Lorsque l’arthrodèse est envisagée, faut-il l’instrumenter ?

Là aussi les controverses sont nombreuses, certains comme FISCHGRUND dans une étude prospective ne montrent pas de différence significative entre arthrodèse avec et sans instrumentation. Par contre, d’autres comme BRIDWELL notent une aggravation de glissement plus fréquente dans le cadre des arthrodèses non instrumentées probablement du fait d’un nombre de pseudarthroses plus important.

Doit être pris également en considération un taux de complications mécaniques d’environ 10 % dans les arthrodèses instrumentées. Dans notre série nous n’avons constaté aucune complication mécanique et une seule arthrodèse instrumentée paraît douteuse en terme de qualité de fusion.

En ce qui concerne l’amélioration de la lombalgie aucune étude ne l’apprécie  réellement, les résultats étant surtout basés sur une analyse purement radiologique.

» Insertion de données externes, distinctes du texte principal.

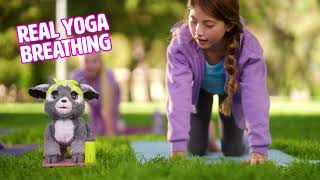 FurReal Daisy the Yoga Goat [upl. by Christa]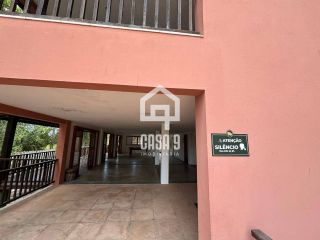 Apartamento térreo para locação anual com 2 quartos condomínio VILA NOVA DO CASTELO em Praia do Forte Bahia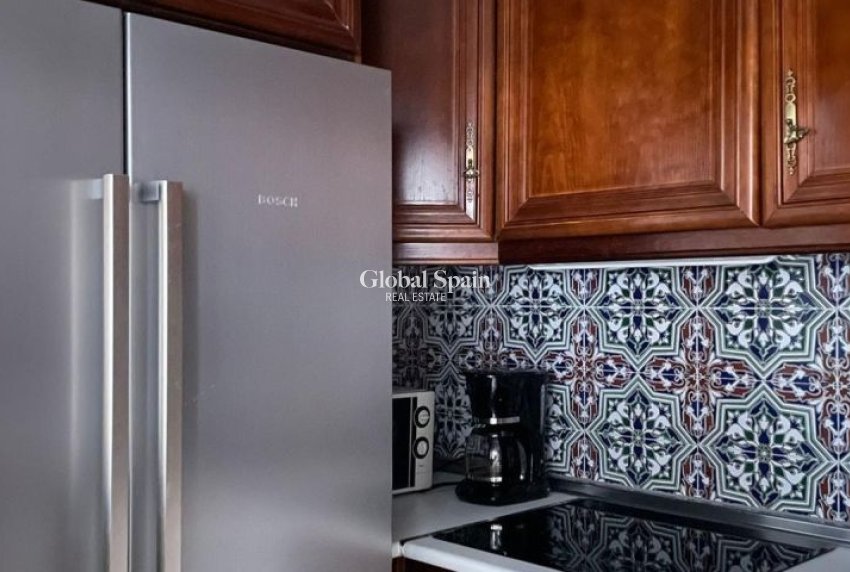 Wiederverkauf - WOHNUNG -
TORREVIEJA - Costa Blanca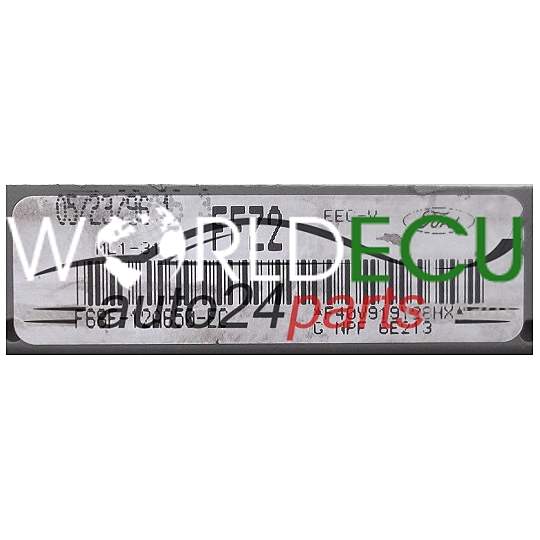 MOTORSTEUERGERÄT ECU STEUERGERAT FORD WINDSTAR  VISTEON F68F-12A650-EC, F68F12A650EC, FFZ2, ML1-311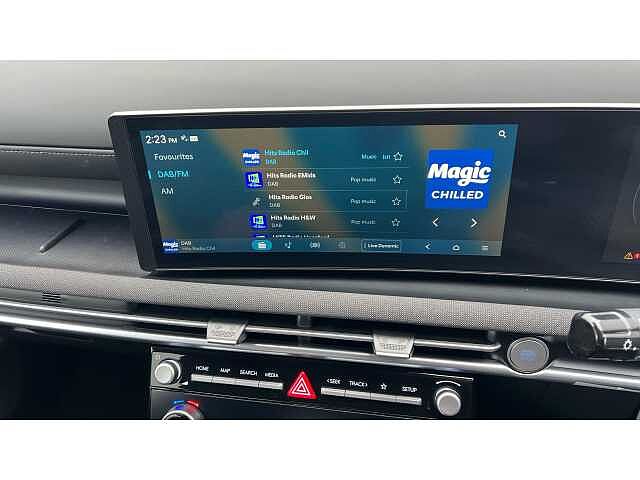 Hyundai Tucson TUCSON 1.6T Plug-in Hybrid Premium 5dr 4WD Auto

On ne peut dire si une arthrodèse instrumentée ou non dans le SPL dégénératif améliore le gain fonctionnel sur la lombalgie. Dans notre étude seulement 3 cas ont été opérés par simple décompression pour claudication neurogène sévère chez des patients agés ne permettant pas une analyse comparative avec les groupes des patients arthrodésés.

Nous constatons seulement une amélioration du résultat sur la lombalgie lorsque nous avons réalisé une APL instrumentée et un PLIF mais le nombre de cas et le recul insuffisant ne nous permettent pas de conclure.

 

En conclusion, nous pensons que devant un SPL dégénératif décompensé, la prise en compte de l’état général du patient,  la sévérité de l’instabilité et  la sténose associée doivent permettre de choisir entre simple décompression ou décompression associée à une arthrodèse qui ne notre point de vue doit être alors instrumentée.